Would you transcribe the records below exactly, omitting every picture?
= Beginning of Section =
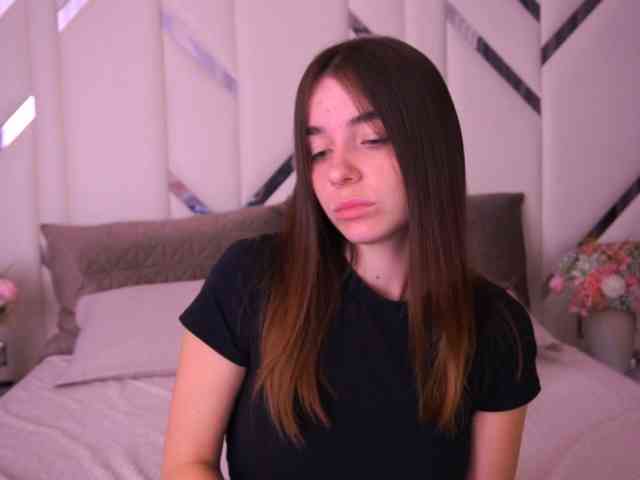 BabeDollie live female cam on bongacams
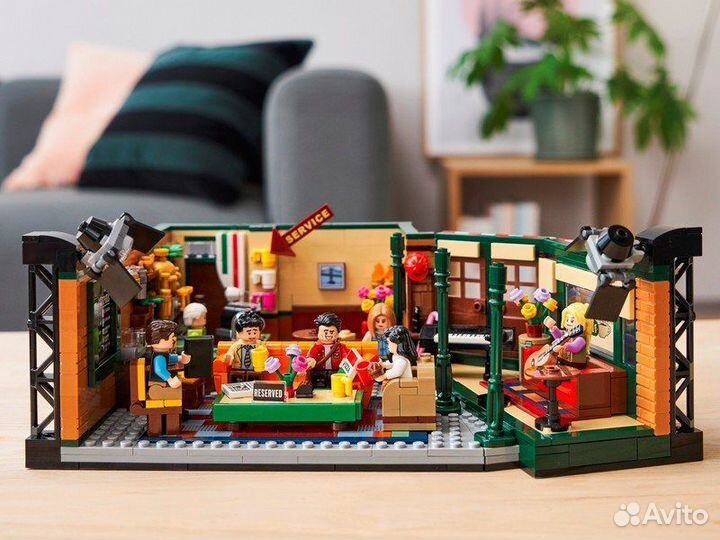 Набор Lego 21319 Friends Central Perk Лего Друзья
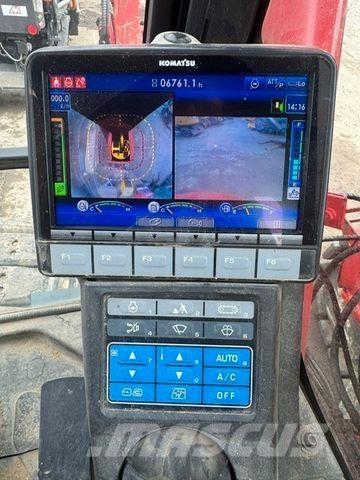 Komatsu 138US-11 Escavadeiras de esteiras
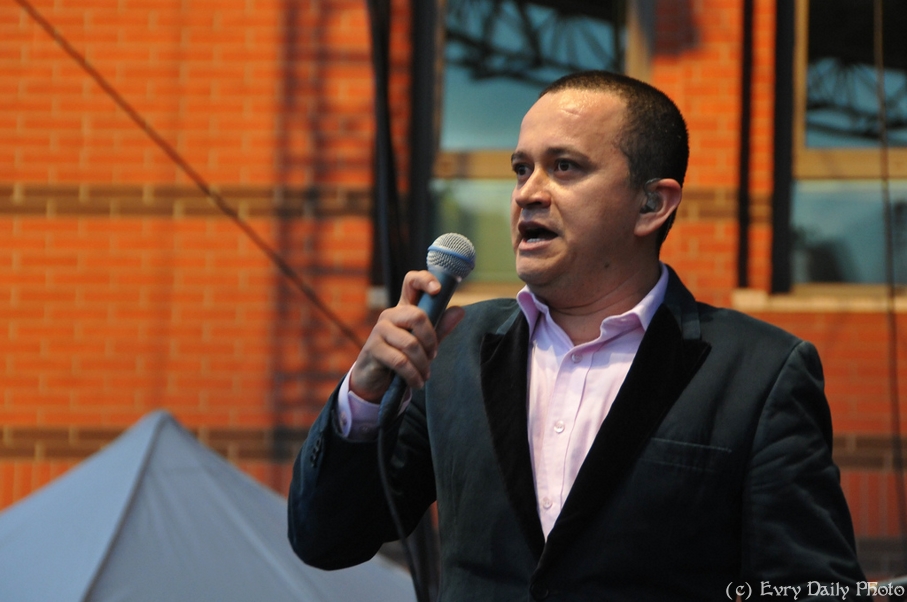 Evry Daily Photo - Fete de la Musique Evry 2010 - Yuri Buenaventura - large - 4735440154.jpg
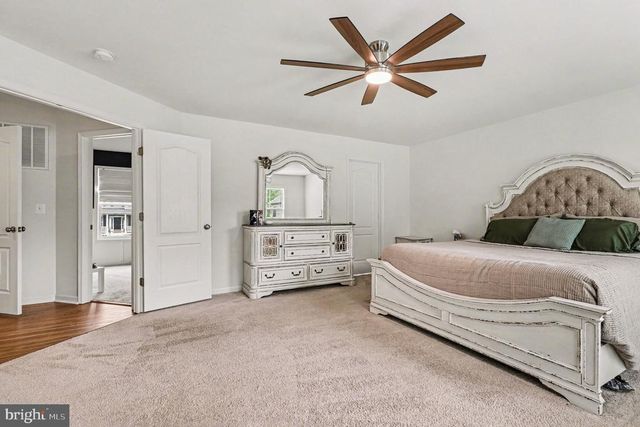 2446 TOWERING OAK CT, Locust Grove, VA 22508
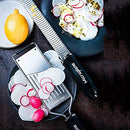 Microplane Kitchen Grater Set (Zester, Slicer & Glove) for Hard Cheese, Cucumber, Potatoes, Zucchini, Citrus Fruits with Stainless Steel Blades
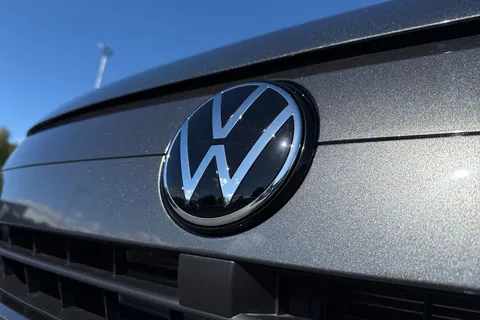 DG75CWC Volkswagen Transporter T32 Kombi Commerce Pro SWB 218 PS 65KWh Electric - Delivery Miles Thumbnail #29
= End of Section =
■ TASK ANSWER:
 BabeDollie live female cam on bongacams
 Набор Lego 21319 Friends Central Perk Лего Друзья
 Komatsu 138US-11 Escavadeiras de esteiras
 Evry Daily Photo - Fete de la Musique Evry 2010 - Yuri Buenaventura - large - 4735440154.jpg
 2446 TOWERING OAK CT, Locust Grove, VA 22508
 Microplane Kitchen Grater Set (Zester, Slicer & Glove) for Hard Cheese, Cucumber, Potatoes, Zucchini, Citrus Fruits with Stainless Steel Blades
 DG75CWC Volkswagen Transporter T32 Kombi Commerce Pro SWB 218 PS 65KWh Electric - Delivery Miles Thumbnail #29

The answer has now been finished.